Cotton fabric	Salt (g/L)	Washing a		Rubbing a		Light b
		Colour change	Staining	Dry	Wet
Untreated	60	4–5 (0.4) c	3 (12.5)	4–5 (1.4)	4 (4.8)	6–7
Untreated	30	4–5 (0.5)	3 (13.4)	4–5 (2.8)	4 (4.3)	6–7
Untreated	15	4–5 (0.6)	3–4 (9.2)	4–5 (2.2)	4 (3.0)	6–7
Untreated	0	4–5 (0.7)	4 (4.4)	5 (0.3)	4–5 (1.5)	6–7
Periodate	60	4–5 (0.2)	2–3 (12.4)	4–5 (2.7)	4 (6.4)	—
Periodate	30	4–5 (0.8)	3–4 (5.7)	4–5 (2.0)	4 (5.5)	—
Periodate	15	4–5 (0.2)	3–4 (9.6)	4–5 (2.1)	4 (5.7)	—
Periodate	0	4–5 (0.3)	3–4 (7.3)	4–5 (1.3)	4 (3.0)	—
Periodate + AHP	30	4–5 (0.6)	2–3 (17.3)	2–3 (8.5)	2–3 (12.7)	3
Periodate + AHP	15	4–5 (0.4)	2–3 (17.2)	3 (7.2)	2–3 (11.3)	2–3
Periodate + AHP	0	4–5 (0.9)	2–3 (16.8)	3–4 (5.3)	2–3 (11.4)	2–3

a

Washing and rubbing fastness: 5: Excellent, 4: Good, 3: Fair, 2: Poor, 1: Very poor.

b

Light fastness: 8: Excellent, 7: Very good, 6: Good, 5: Fair, 4: Average, 3: Low, 2: Poor, 1: Very poor.

c

Colour difference CMC (2:1) has been also included between parentheses besides fastness ratings on grey scale.

Conclusions

Grafting amino terminated hyperbranched polymer (AHP) by partial oxidation of cotton can dramatically reduce the amount of salts needed for dyeing with reactive dyes while obtaining similar colour intensities and comparable washing fastness properties.

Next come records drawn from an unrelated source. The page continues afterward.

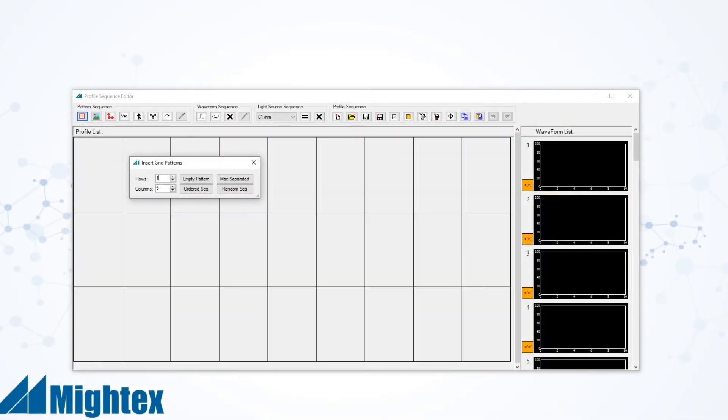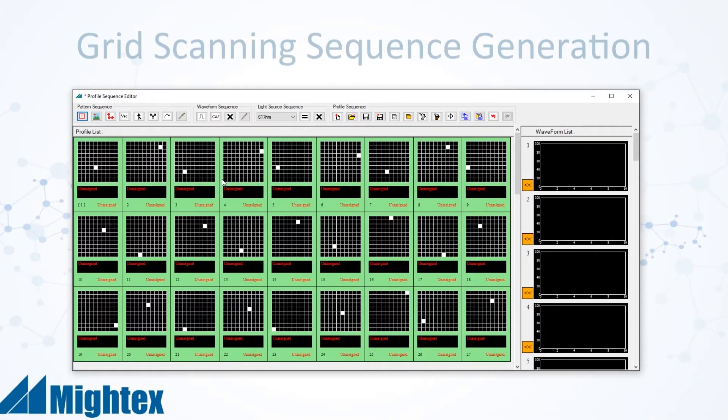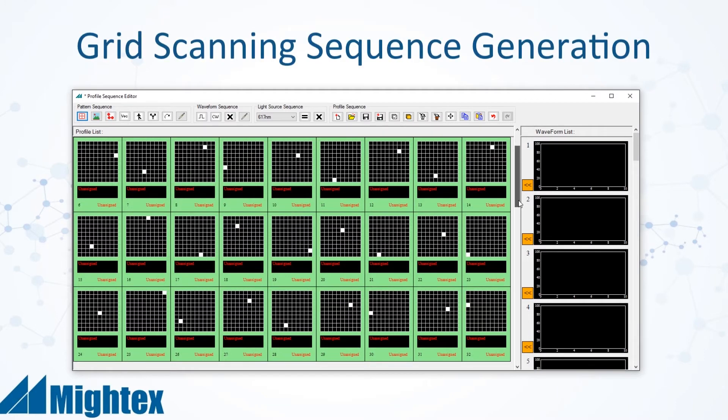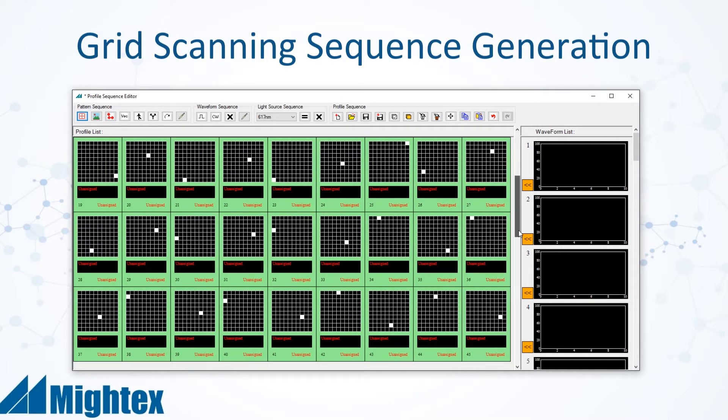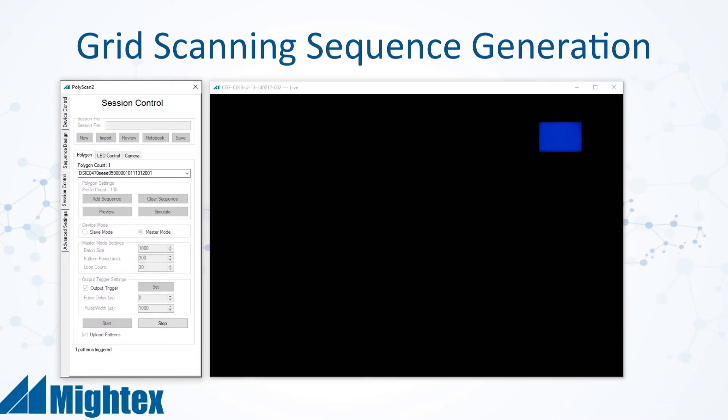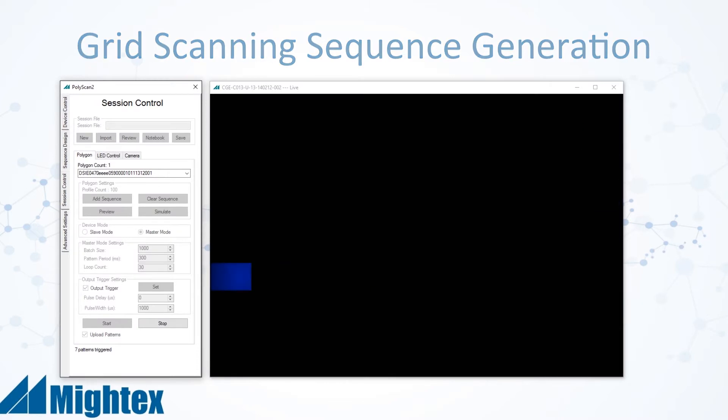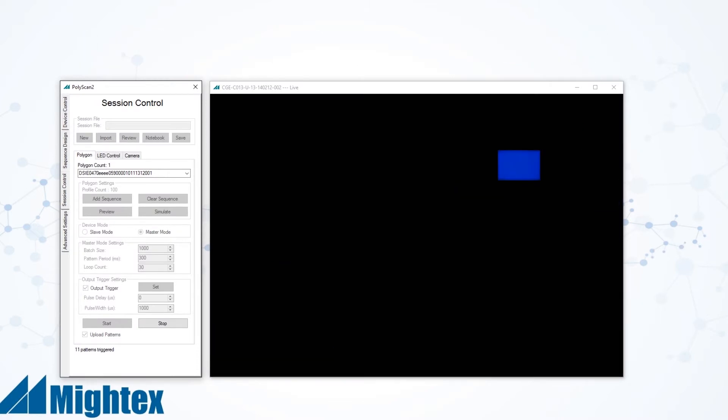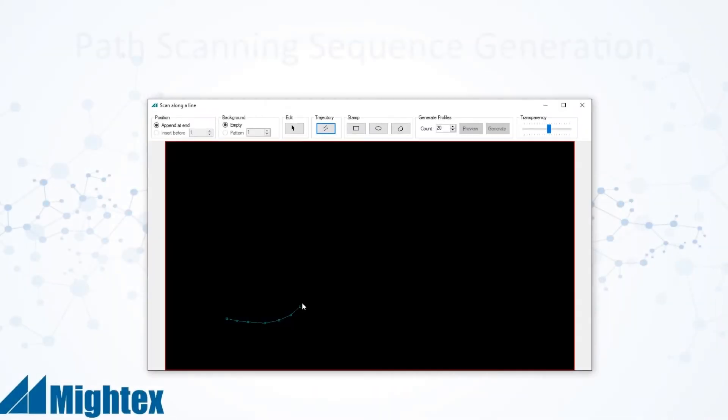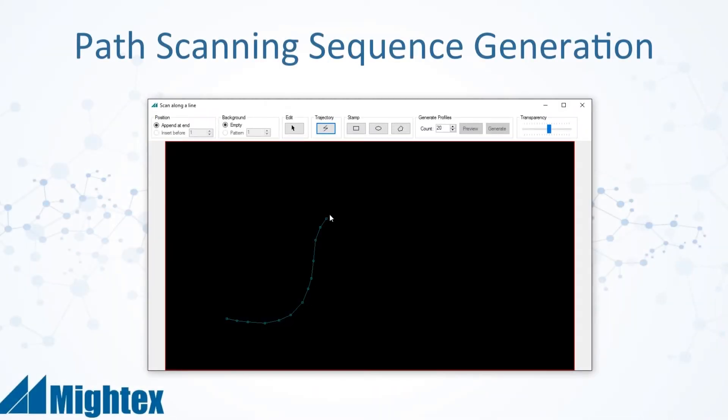PolyScan also includes tools for automatic generation of popularly used sequences found in neuroscience and optogenetics such as grid scanning to sequentially scan light across an entire area of interest, as well as path scanning to scan a pattern of light along a trajectory.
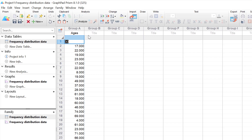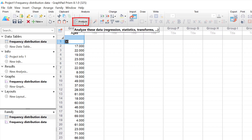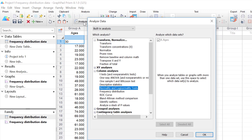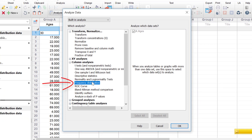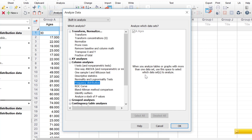To generate a frequency distribution of this data, go to Analyze and click it. Under the analyze data wizard, find the option for frequency distribution under the column analyses header. On the window on the right, enable all the datasets you want the frequency distribution for, then click the OK button.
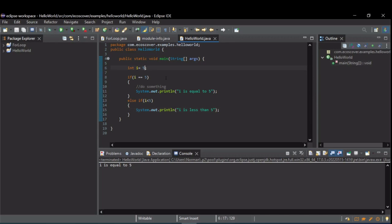So let's change this to, say, 2. Run this. Now we see that the if did not execute, but the else if did. i is less than 5.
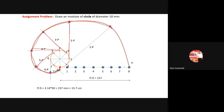This is the procedure for construction of the involute. If you have any difficulty in this construction, you can ask. Thank you very much.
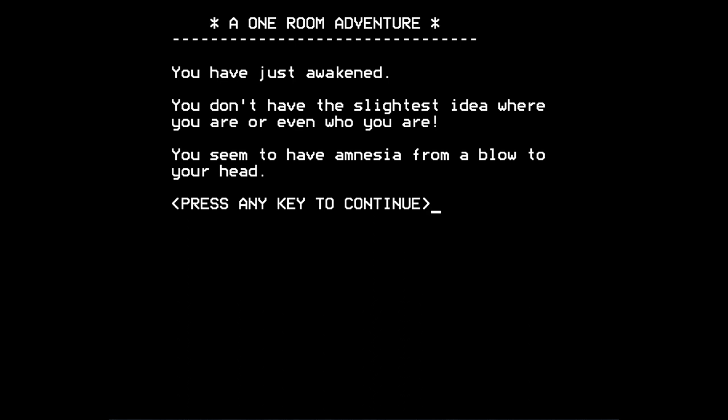So that was One Room by Jorge Mir for the TRS-80. Ported to the BBC Micro. Source code in BASIC. And that's given you a flavour of one of the first single room text adventure games that were ever written. Thanks for watching.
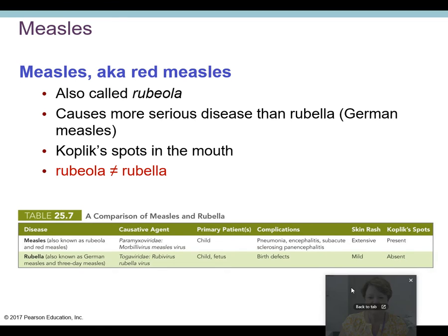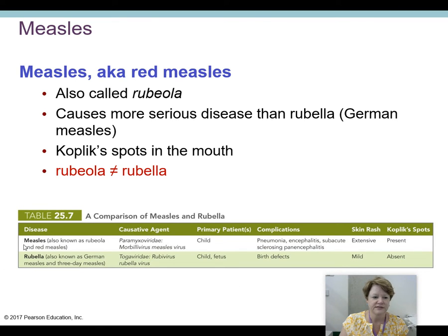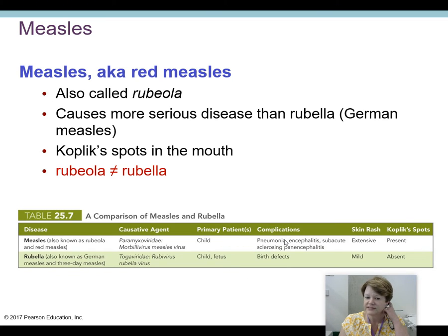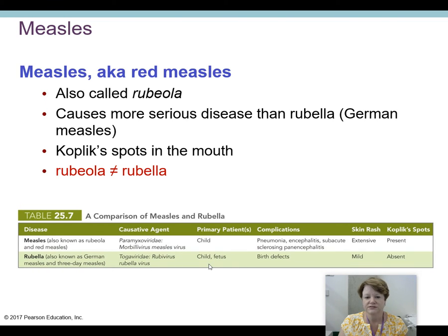Looking at a comparison chart: measles, also known as rubeola and red measles, versus German measles. Both are considered childhood diseases, less common now due to the MMR vaccine. However, the complications differ greatly. Red measles complications in children include pneumonia, encephalitis, and panencephalitis — serious lung and brain swelling. German measles complications are primarily birth defects for an unborn fetus when a pregnant woman is infected, making the risk profiles wildly different.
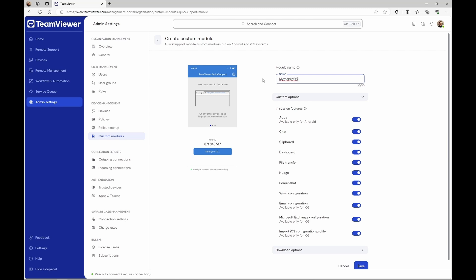Select which in-session features should be available during remote control sessions and click Save.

However, although the approach is acceptable from the point of view of washing fastness, some limitations were observed in AHP treated fabrics regarding the rubbing and light fastness that could limit the use of this low-salt method to applications for which rubbing and/or light fastness are a crucial issue. In addition, the grafting process using periodate to generate aldehyde groups produce a decrease of the strength of the cotton fabrics that should be controlled by selecting the appropriate process conditions of time, temperature and concentration of periodate. In this regard, it was observed that to minimize fibre weakness while maximizing aldehyde content it is recommended to use a 2 g/l of sodium periodate at 40°C for 60 min.